U.S. Pat. No. 4,226,782 describes a carrier having a surface area in the range from 0.05 to 10 m2/g, a porosity from 30-80%, and pores of 0.1 to 20 microns. U.S. Pat. No. 5,266,548 describes a method of making alpha-alumina from 95% high purity alumina. Preferably, the carrier disclosed in the '548 patent has a porosity of from 0.2 ml/g to 0.6 ml/g, and a surface area from 0.2 m2/g to 10 m2/g. Additionally, the '548 patent discloses that the average pore size of the carrier is from 0.1 microns to 100 microns, preferably in the range from 0.1-10 micron, and more preferably from 0.2-5 micron.
U.S. Pat. No. 5,380,697 describes the preparation of an alumina carrier from alpha-alumina particles having a median grain size of from 0.4 micron to 4 micron and a sol-gel. The carriers made in the '697 patent typically have a pore volume (i.e., water absorption) ranging from about 0.2 cc/g to about 0.6 cc/g, preferably from about 0.3 cc/g to about 0.5 cc/g and a surface area ranging from about 0.15 m2/g to about 3 m2/g, preferably from about 0.3 m2/g to about 2 m2/g.
U.S. Pat. No. 5,597,773 discloses a large number of refractory carriers, with carriers made of alpha-alumina being highly preferred. In the '773 patent, preference is given to the use of alpha-alumina carriers having a specific surface area, as measured by a BET method, of from about 0.03 m2/g to about 10 m2/g, preferably from about 0.05 m2/g to about 5 m2/g, more preferably from about 0.1 m2/g to about 3 m2/g, and a water pore volume, as measured by conventional water absorption techniques, from about 0.1 cc/g to about 0.75 cc/g by volume, preferably from about 0.3 cc/g to about 0.5 cc/g.
In U.S. Pat.
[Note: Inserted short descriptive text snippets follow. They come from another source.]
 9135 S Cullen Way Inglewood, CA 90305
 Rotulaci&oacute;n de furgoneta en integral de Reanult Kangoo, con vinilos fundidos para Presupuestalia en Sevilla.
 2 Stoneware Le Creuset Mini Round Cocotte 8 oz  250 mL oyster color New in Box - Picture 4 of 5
No. 5,929,259, a carrier for ethylene oxide catalysts having a porosity at least 50% and more desirably from about 60% to about 75% is disclosed. The surface area of the carrier disclosed in the '259 patent is preferably in the range 0.4-5 m2/g, and more preferably 0.6-1.2 m2/g.
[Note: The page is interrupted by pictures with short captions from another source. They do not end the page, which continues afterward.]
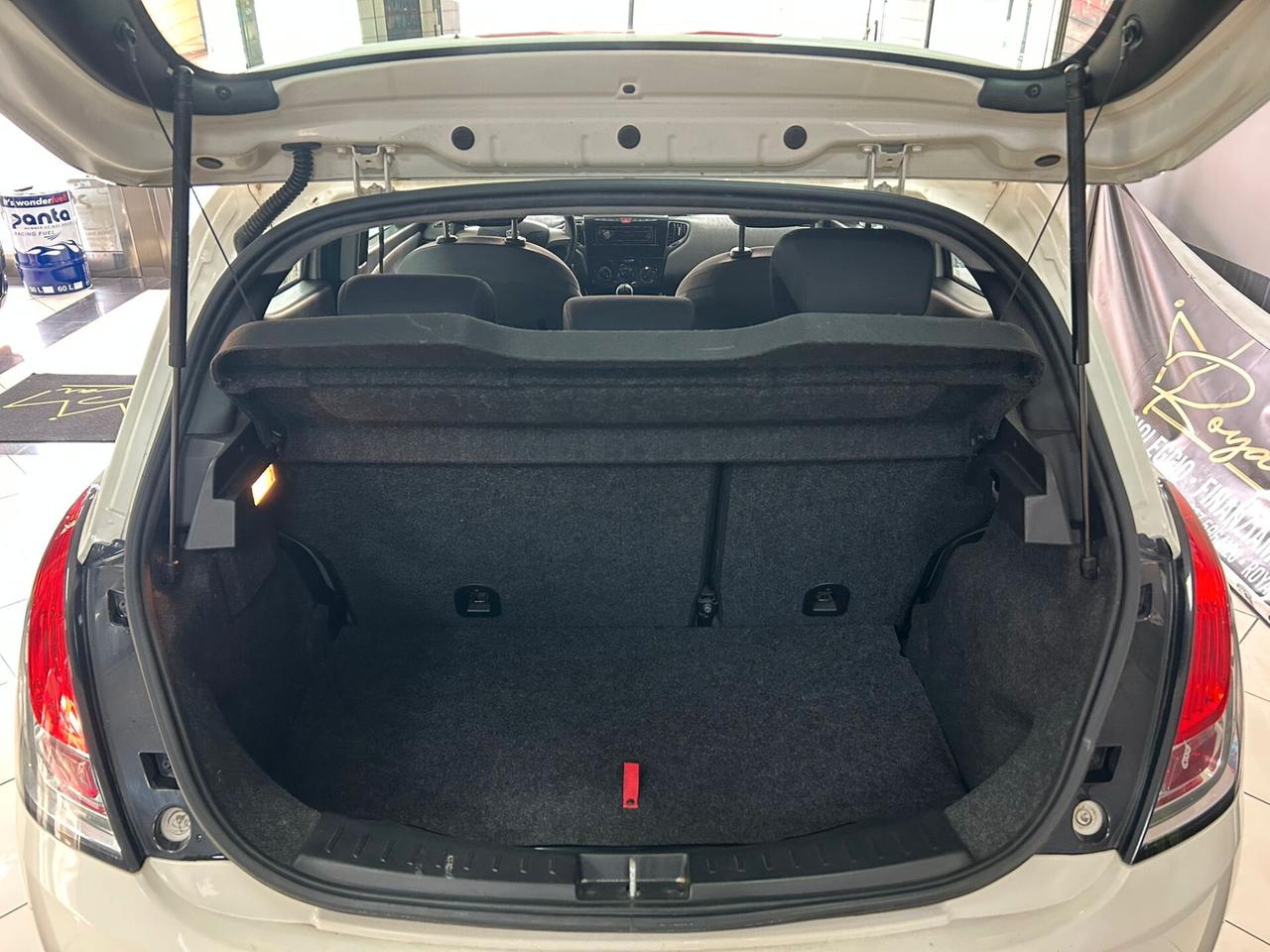 Lancia Ypsilon 1.2 69 CV 5 porte GPL Ecochic Silver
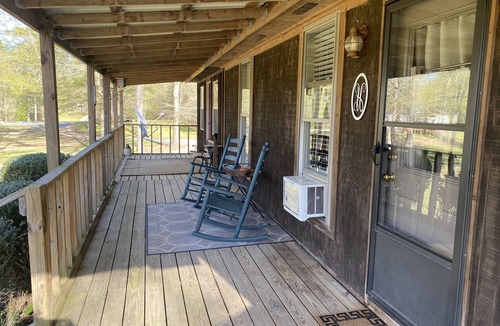 Gordo Cabin | Enjoy our stocked lake and 28 miles to The University of Alabama for football!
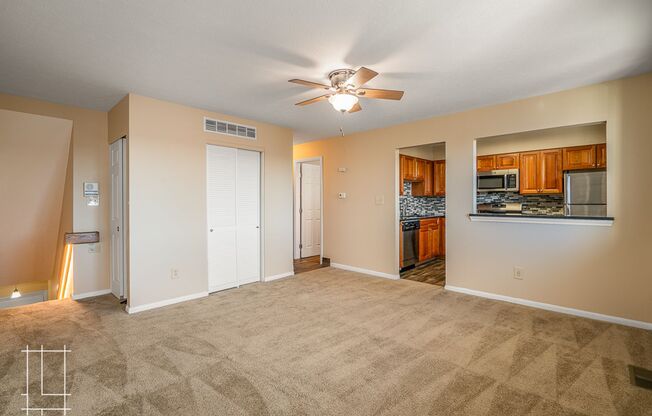 2 beds, 1 bath, $1,400, Unit 393 E Buttles Ave Apt. G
U.S. Pat. No. 6,831,037 describes a technique for the preparation of an alumina carrier. The carrier is 95% alpha-alumina having a surface area in the range from 1.0-2.6 m2/g, and a water absorption from 35-55%. This prior art carrier is advantageous for ethylene oxide catalyst preparation when at least 70% of pore volume is in the range from 0.2-10 microns, which provide at least 0.27 ml/g of total pore volume. Pores with diameters less than 0.2 micron provide 0-10% of pore volume, and pores with diameters more than 10 micron provide less than 20% of total pore volume.
U.S. Patent Application Publication No. 2004/0110973 A1 discloses a method for the preparation of an alumina carrier from two alpha-alumina particulates. This prior art carrier has 75% of pores with a diameter in the range from 0.2-10 micron, less than 20% of pores with diameter of more than 10 microns, and less than 10% of pores with diameter of less than 0.2 micron. Water absorption of this prior art carrier is at least 0.35 ml/g, and the surface area is in the range from 0.6-5 m2/g.
U.S. Patent Application Publication No. 2005/0096219 A1 found advantages to provide a carrier which has a minimum of very large pores, greater than 10 micron, and water absorption of 35 to 55% and a surface area of at least 1.0 m2/g. A method of making such a carrier is also described in the '219 publication.
As described above a catalyst for ethylene epoxidation requires a carrier with specific physical properties. It would be desirable to improve the catalytic selectivity, activity and stability of the catalysts by improving carrier characteristics. It has been unexpectedly found by the applicants of the present application that the pore distribution of the carrier, and particularly the absolute value of pore volume from the pores of a different diameter range, define performance of an ethylene oxide catalyst, particularly selectivity and stability.